Blasts from Our Decorating Past

American Home December 1942

The American Home, December, 1942

Much has been written lately on re-purposing a formal dining room to suit the needs of a modern family. Suggestions have been as wide-ranging as pitch the table out altogether and turn it into a playroom, or use it as a craft room or even a billiard room!  Examples of families who have transformed their dining rooms are frequently found today in decorating magazines and on internet sites. However, before we pat ourselves on the back and proclaim how clever we modern women are, determined to develop our own sense of style and fashion rather than imitate that of our parents or grandparents, let's take a look at this ad from the December, 1942 issue of The American Home magazine.

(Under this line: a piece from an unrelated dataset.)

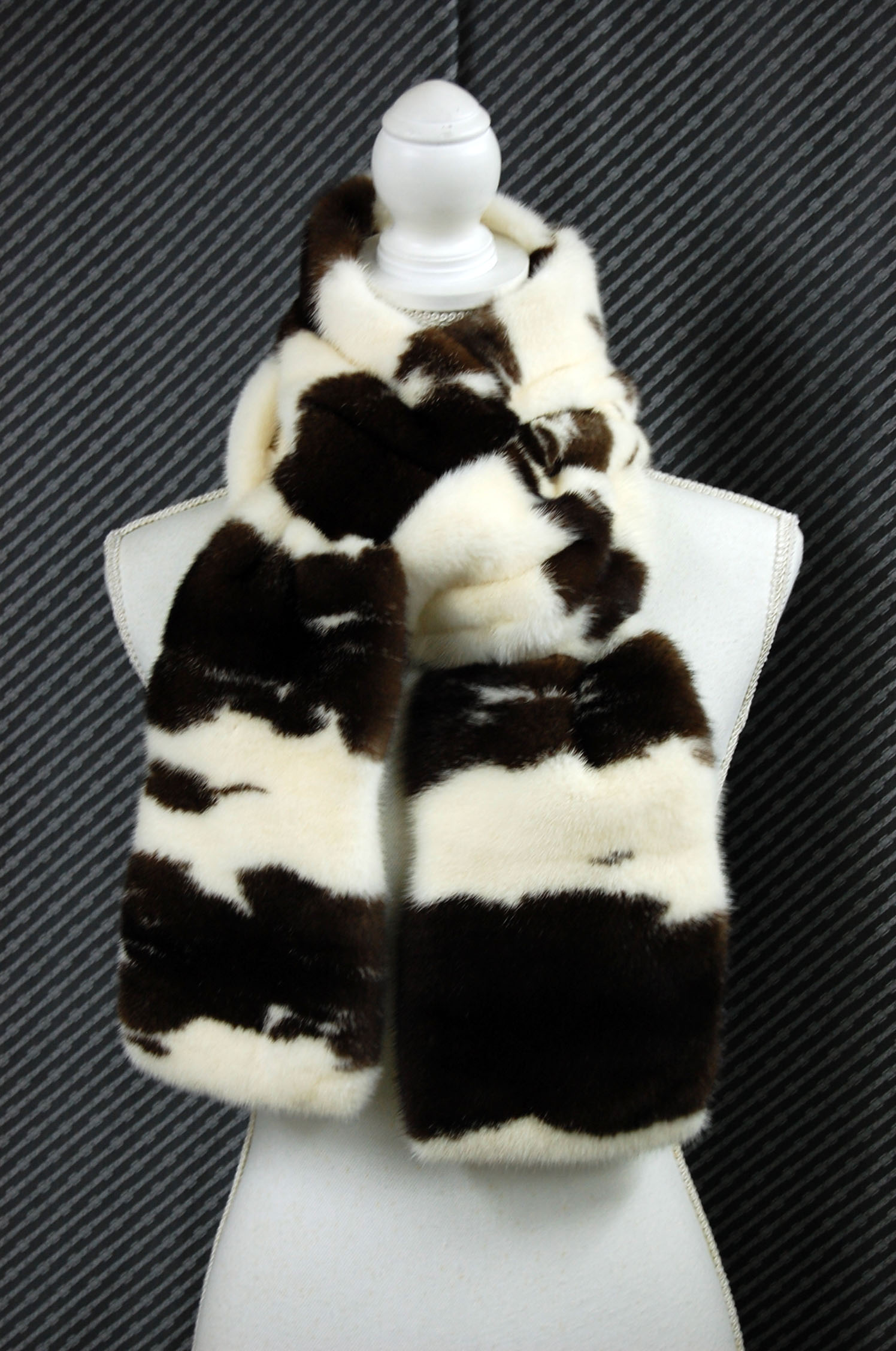 ジャガーミンク　ロングマフラーの画像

Armstrong Linoleum Advertisement, December, 1942

This ad shows suggestions for changing "the laziest room in the house". The cabinets flanking the center buffet are used as a sewing center and an office. The linoleum flooring is touted as being easy to clean and durable. Wouldn't this scheme be easy to replicate in our 21st century dining rooms? Two inexpensive cabinets such as those IKEA sells could easily fit on either side of a credenza or buffet. Note the height and depth differential of the center piece in the illustration. Another design point is that the cabinets have been painted the same color as the walls. Best of all, the room retains its table and seating, providing extra work surface while preserving its original function--a place for family to gather for meals! In the re-purpose versus multi-purpose war, it is easy to see where my allegiance lies.

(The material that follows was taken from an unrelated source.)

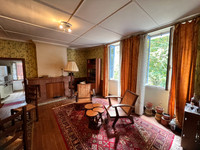 Maison à vendre à Saint-Laurent-des-Combes, Charente - 246.100 € - photo 3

My formal dining room is used for occasional web surfing via my laptop and ....well, dining. I am far too messy while cooking to serve every meal in the eat-in kitchen! For a change, every now and then, I set the dining room table, dim the chandelier and sit away from the visible chaos of the kitchen. I like the sense of occasion and the ambiance that a softly lit room ( complete with my husband's constant comment " I can't see my food!") gives a meal. So, before following through with a plan to change your dining room into a place only a few family members can use, take inspiration from suggestions made 72 years ago, and design a dining room that everyone can use and enjoy!